■ Data segment ■
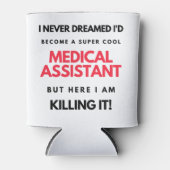 I Never Dreamed I'd Become A Super Cool Medical 2 缶クーラー (正面)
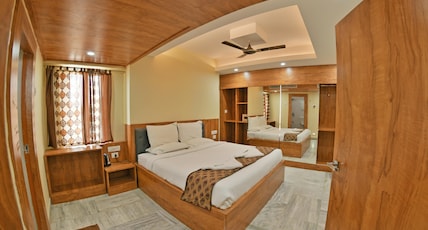 Hotel Ramakrishna Room Type - Premium Deluxe Hotel Ramakrishna Room Type - Premium Deluxe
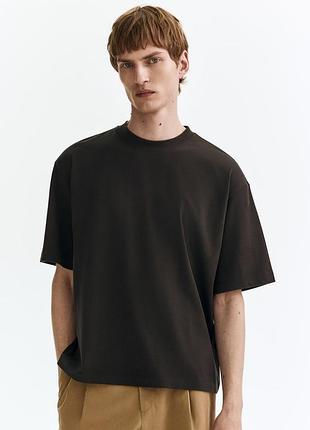 H&m базова, оверсайз футболка в коричневому кольорі. чудово тримає форму. loose fit.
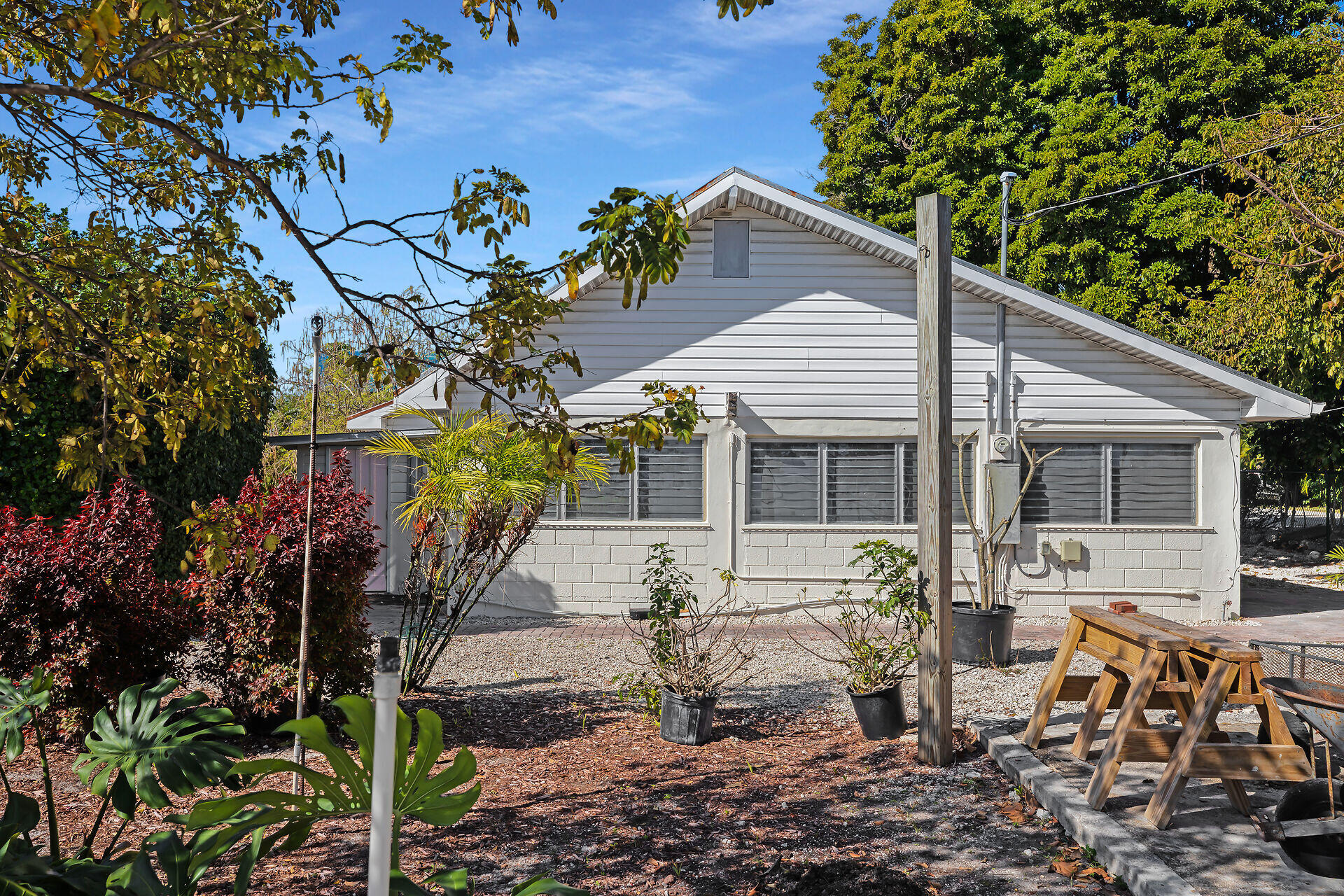 27001 Overseas Highway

■ Task to carry out ■
The listing above must be given again exactly, minus its pictures.

■ Answer section ■
 I Never Dreamed I'd Become A Super Cool Medical 2 缶クーラー (正面)
 Hotel Ramakrishna Room Type - Premium Deluxe Hotel Ramakrishna Room Type - Premium Deluxe
 H&m базова, оверсайз футболка в коричневому кольорі. чудово тримає форму. loose fit.
 27001 Overseas Highway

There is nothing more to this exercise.